The MySQL server is initialized and runs as a separate process from the Haskell application. During initialization, a shared library (libdpella_ffi_mysql.so) is created that contains the C function dpella_sample_random. This library is loaded into the MySQL server process. The SQL function dpella_sample_random is linked to the C function dpella_sample_random via the SQL command CREATE FUNCTION. The C function calls the Haskell function dpella_sample_random_hs via the Foreign Function Interface (FFI) which maps to the wrapped dpellaSampleRandom Haskell function. The Haskell code runs within the Haskell Runtime System (RTS) inside the MySQL process. The Haskell RTS is lazily initialized (thread-safe) via init_shared_state() (internally calling hs_init()) on the first call within the MySQL process.
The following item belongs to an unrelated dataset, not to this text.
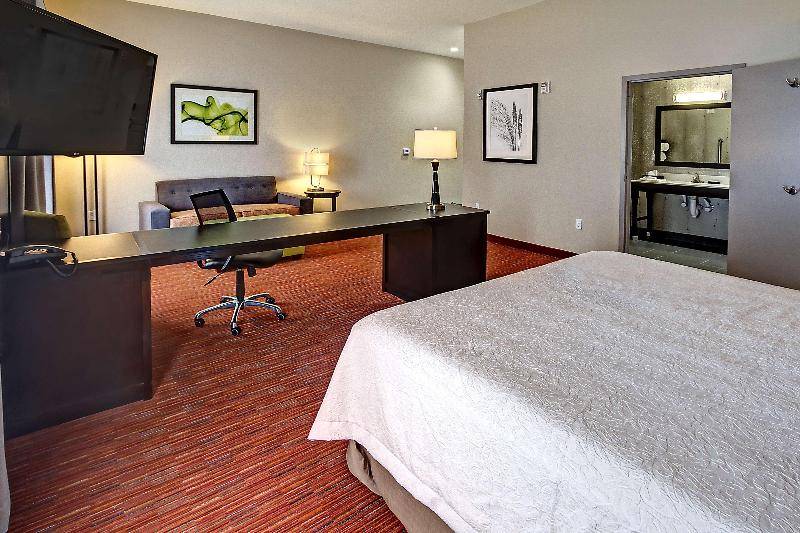 Ada Hotel | Hampton Inn and Suites Ada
To execute SQL queries, the application uses the query_ function from the MySQL client library mysql-simple. Queries referring to the registered SQL function dpella_sample_random will trigger the execution of the Haskell function dpella_sample_random_hs within the MySQL process.

Key steps
  1. Define the SQL function dpella_sample_random in the MySQL plugin file (init.sql) via the CREATE FUNCTION procedure.
  2. Initialize the Haskell runtime lazily within the MySQL process using init_shared_state.
  3. Implement the C function dpella_sample_random to handle SQL calls and invoke the Haskell function dpella_sample_random_hs via FFI.

Details

6. Summary of Approaches

Feature SQLite PostgreSQL MySQL
Integration method Direct API registration C Extension + FFI C UDF + FFI
Complexity Low High Medium
Scalability Limited (single process) High Medium
Runtime management Simple (App scope) Explicit (_PG_init) Lazy Init (First Call)
State (NoiseGen) Scope Per Connection (SQLEnv) Global FFI Module Global FFI Module
Invocation Path SQL -> sqlite-simple -> Haskell SQL -> C Extension -> FFI -> Haskell SQL -> C UDF -> FFI -> Haskell
Best use case Lightweight domains Large scale, complex queries Moderate load

7. Conclusion

Integrating Haskell functions like dpella_sample_random into SQL databases demonstrates the flexibility of combining Haskell’s type safety with the efficiency of relational databases. In this report, we explored the feasibility of integrating Haskell functions into three different SQL engines, each offering a unique approach to the integration process tied with different trade-offs:

The choice of approach depends on the specific requirements for scalability, deployment complexity, and state management. By leveraging common Haskell wrapper modules, developers can simplify application-level code while adapting to the operational characteristics of each database engine.